Education Secretary-designate Betsy DeVos in Washington on Jan. 17.
(Carolyn Kaster / Associated Press)

Not every college graduate is aiming for the job with the biggest possible paycheck. Many hope to pursue intrinsically rewarding careers by serving in government or teaching or working for charitable organizations. These jobs don’t pay particularly well, but they are of enormous importance to our society and economy.

That’s why, in 2007, Congress created the Public Service Loan Forgiveness program, which is supposed to work the way its title suggests it would: After a college graduate works for 10 years in one of the approved public-service categories, whatever remaining student loan debt he or she has is forgiven.

Theoretically, at least.

In reality it’s not going so well.
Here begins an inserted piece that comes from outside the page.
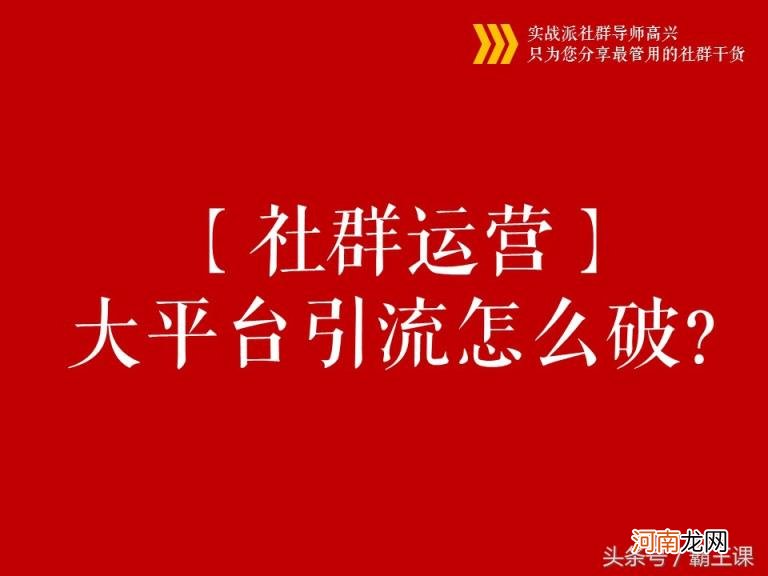 引流技巧有哪些,社群引流的10个必备技能？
And it is not just this one loan-forgiveness program that is in trouble. In fact, pretty much everything having to do with college debt is messed up at the U.S. Education Department under Secretary Betsy DeVos, who has consistently avoided giving students the help to which they’re entitled. You could say she’s moved glacially on student debt relief — except that in this era of climate change, the glaciers might just be outpacing her.
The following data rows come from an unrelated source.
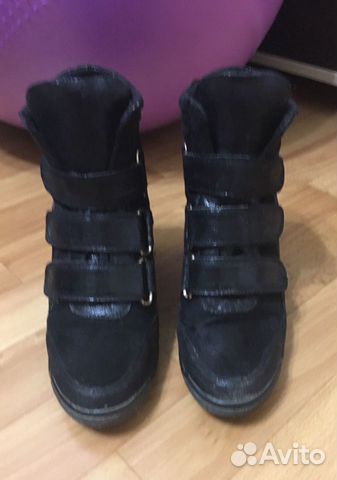 Ботинки демисезонные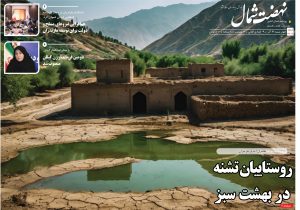 بیست و یکم آذر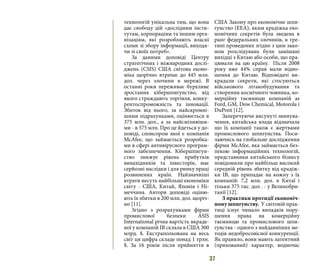 37
технологій унікальна тим, що вона
дає свободу дій «дослідним інсти-
тутам, корпораціям та іншим орга-
нізаціям, які розробляють власні
схеми зі збору інформації, виходя-
чи зі своїх потреб».
За даними доповіді Центру
стратегічних і міжнародних дослі-
джень (CSIS) США світова еконо-
міка щорічно втрачає до 445 млн.
дол. через злочини в мережі. В
останні роки переживає бурхливе
зростання кібершпигунство, від
якого страждають торгівля, конку-
рентоспроможність та інновації.
Збиток від нього, за найскромні-
шими підрахунками, оцінюється в
375 млн. дол., а за найсміливіши-
ми - в 575 млн. Про це йдеться у до-
повіді, спонсором якої є компанія
McAfee, що займається розробка-
ми в сфері антивірусного програм-
ного забезпечення. Кібершпигун-
ство знижує рівень прибутків
винахідників та інвесторів, має
серйозні наслідки і для ринку праці
розвинених країн. Найзначніші
втрати несуть найбільші економіки
світу - США, Китай, Японія і Ні-
меччина. Автори доповіді оціню-
ють їх збитки в 200 млн. дол. щоріч-
но [11].
Згідно з розрахунками фірми
промислової безпеки ASIS
International річна вартість вкраде-
ної у компаній ІВ склала в США 300
млрд. $. Екстрапольована на весь
світ ця цифра складе понад 1 трлн.
$. За 16 років після прийняття в
США Закону про економічне шпи-
гунство (EEA), яким крадіжка еко-
номічних секретів була зведена в
ранг федеральних злочинів, в тре-
тині проведених згідно з цим зако-
ном розслідувань були замішані
вихідці з Китаю або особи, що пра-
цювали на цю країну. Після 2008
року вже 44% справ мали відно-
шення до Китаю. Відповідачі ви-
крадали секрети, які стосуються
військового літакобудування та
створення космічного човника, ко-
мерційну таємницю компаній as
Ford, GM, Dow Chemical, Motorola і
DuPont [12].
Заперечуючи висунуті звинува-
чення, китайська влада відзначала
що їх компанії також є жертвами
промислового шпигунства. Поси-
лаючись на глобальне дослідження
фірми McAfee, яка займається без-
пекою інформаційних технологій,
представники китайського бізнесу
повідомили про найбільш високий
середній рівень збитку від крадіж-
ки ІВ, що припадає на кожну з їх
компаній: 7,2 млн. дол. в Китаї і
тільки 375 тис. дол . - у Великобри-
танії [12].
З практики протидії економіч-
ному шпигунству. У світовій прак-
тиці існує чимало випадків пору-
шення права на комерційну
таємницю та промислового шпи-
гунства - одного з найдавніших ме-
тодів недобросовісної конкуренції.
Як правило, вони мають латентний
(прихований) характер, водночас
Among those who have had to wait too long for debt relief are more than 200,000 students who say they were tricked into taking valueless courses at for-profit college chains such as the now-defunct ITT Technical Institute and Corinthian Colleges. DeVos’ own staff found that those schools defrauded students by making misleading assurances about the jobs that students would find after training and about the money they would earn.
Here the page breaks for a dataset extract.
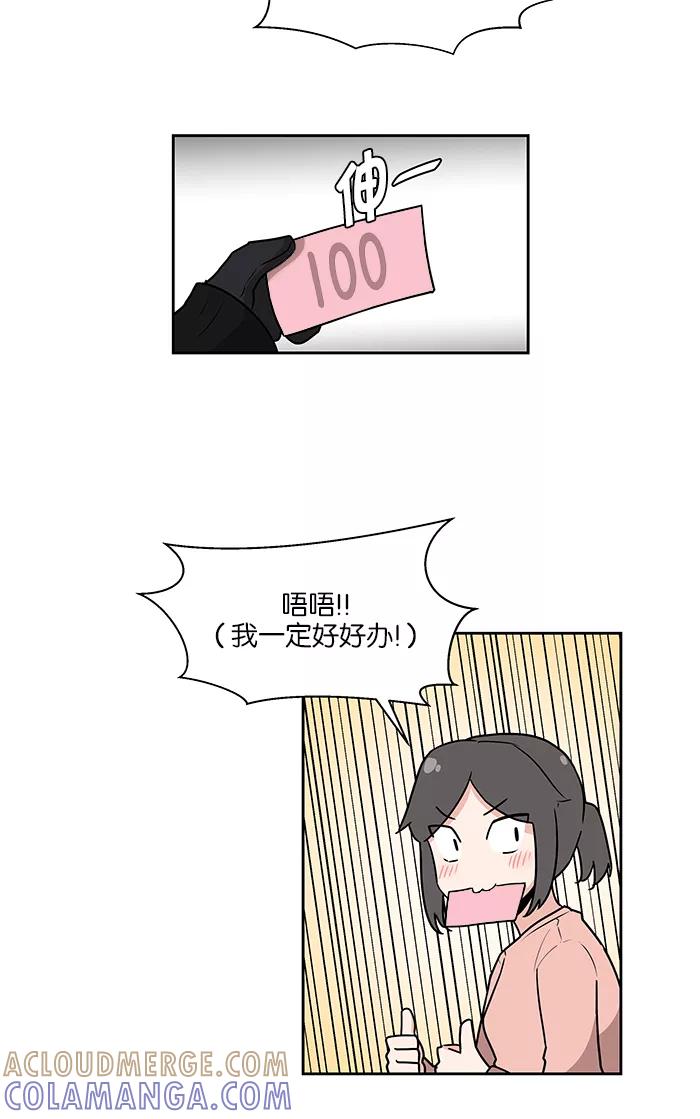 《我的美味男友》第31话 第25页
But DeVos and her agency are 18 months behind on processing the claims of fraud. The debt relief was promised in a rule by the Obama administration. DeVos was even fined $100,000 in October for violating a judge’s order to halt debt collection against former Corinthian students.

Is she grossly incompetent, unheeding of the law, or actively hostile to students seeking debt relief? It’s hard to say.

The Public Service Loan Forgiveness program started long before DeVos took office, but the first 10 years ended in 2017, which made her responsible for the program’s implementation. The rate of approvals granted by her department to applicants was devastatingly low at 1%. So in 2018, Congress temporarily extended the program to allow more college graduates to qualify. The approval rate remained at 1%.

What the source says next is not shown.